Tengo una cosa con el agua, siempre la he tenido. Tengo otra cosa con la escasez, siempre la he tenido. Me lo han dicho videntes, astrólogos, naturópatas que leen el iris del ojo, sicólogos y siquiatras. Y con esta sequía esas dos cosas se han mezclado de la peor y la mejor manera. Soy una nueva persona. Lo confieso. Yo me lavaba el pelo dos veces al día, dejaba correr el agua  mientras me desenredaba los nudos de la maranta, dejaba correr el agua mientras fregaba, mientras me lavaba los dientes, a veces hasta mientras me ponía los lentes, sin ningún sentido. A veces sencillamente se me olvidaba cerrar las plumas y me lo recordaban los ladridos mojados de mis perros o el ruido de cascada desde la cocina. Esta sequía me ha cambiado, tanto como te cambia un viaje al otro lado del mundo, o a Cuba que está justo en la esquina. Me propuse no maldecir desde el principio. Mientras me bañaba con galones me obligué a pensar en gente que nunca ha experimentado el placer del chorro de agua potable desde una ducha. Más allá, pensé en la imagen ya clichosa pero no por eso menos cierta de niños tomando agua turbia directamente de los charcos. Somos una isla bendecida dicen. Que me perdonen los puristas, pero esa afirmación hace que se me retuerza la fe. El hecho de que lo peor que nos pueda pasar sea tener agua 2 veces a la semana, me aterra. ¿Cuáles serán los criterios para conceder ciertas bendiciones a ciertas áreas geográficas? ¿Se habrán llegado a acuerdos? ¿Se habrán llenado solicitudes? ¿Se habrán establecido métodos de pago? ¿Habrán fechas de expiración que desconocemos? ¿Se nos acabará el pan de piquito otro martes cualquiera?

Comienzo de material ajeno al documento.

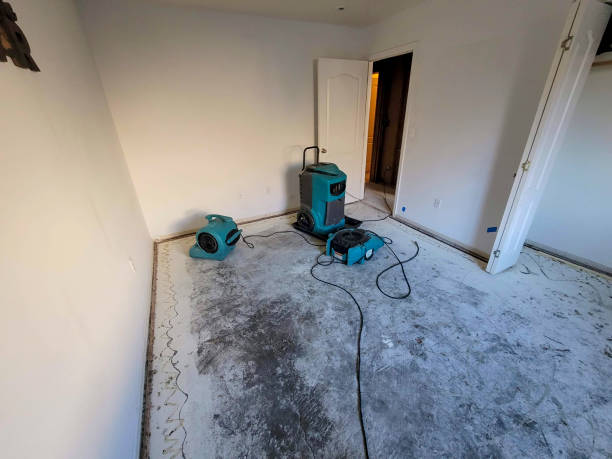Best Commercial water damage restoration  in Onawa, IA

Una vez tuve un profesor de escrituras sagradas del medio oriente, recuerdo mi decepción cuando vi que era un cura jesuita, más que nada porque presumí su falta total de objetividad en el tema, sin embargo, aquel sacerdote me dijo unas palabras que son el mantra de todas mis creencias: “si me quitan mis dudas, me quitan mi fe”. En el momento en el que dejas de preguntarte, dejas de estar en el presente, dejas de existir.

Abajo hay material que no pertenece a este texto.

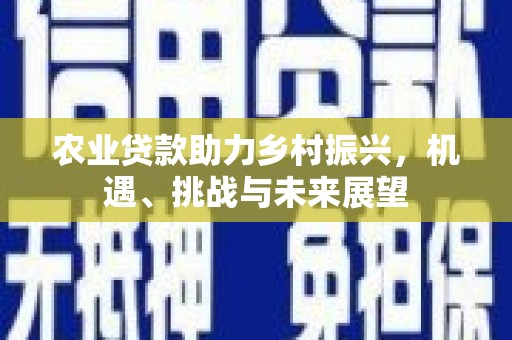 玉井农业贷款助力乡村振兴，机遇、挑战与未来展望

En la sequía del noventa y pico, mi abuela nos calentaba calderos de agua y las mezclaba con el agua fría para que no nos congeláramos. Decía mientras nos bañaba, que había que dar gracias porque teníamos agua almacenada, porque teníamos gas para prender la estufa y poder entibiar el agua para bañarnos. En aquel entonces no tenía idea de la suerte que tenía de tener a mi abuela, punto. Esta sequía ha sido como un retiro espiritual, de esos que te hacen llorar a propósito y darte cuenta de que no eres tan buena persona después de todo, y para los que vivimos en pareja ha sido como un boot camp matrimonial, se pasa más trabajo, se gasta más dinero y uno no puede meterse bajo el chorro cuando está de mal humor. Mi compañero me calienta los galones de agua plásticos en el microondas y se asegura de reponer el agua que usamos. Cuando me voy a bañar, ya tengo galones tibios en el segundo piso. Obviamente con mi típica suerte, en medio de esta sequía me he lastimado rodillas, hombros, brazos y en muchas ocasiones, ha sido él quien me ha bañado con agua tibia, como hacía mi abuela. En el mismo medio de la sequía, para apaciguar mi pánico a la escasez, mi desconfianza en la humanidad en general, en décadas distintas, con tecnologías diferentes, alguien me ha amado lo suficiente como para almacenar agua, calentarla y dejármela correr, aunque sea justo la necesaria.

Perdonen la cursilería, el optimismo y el cliché bonito, pero ayer me quitaron el racionamiento y hasta nuevo aviso me permito sentirme bendecida.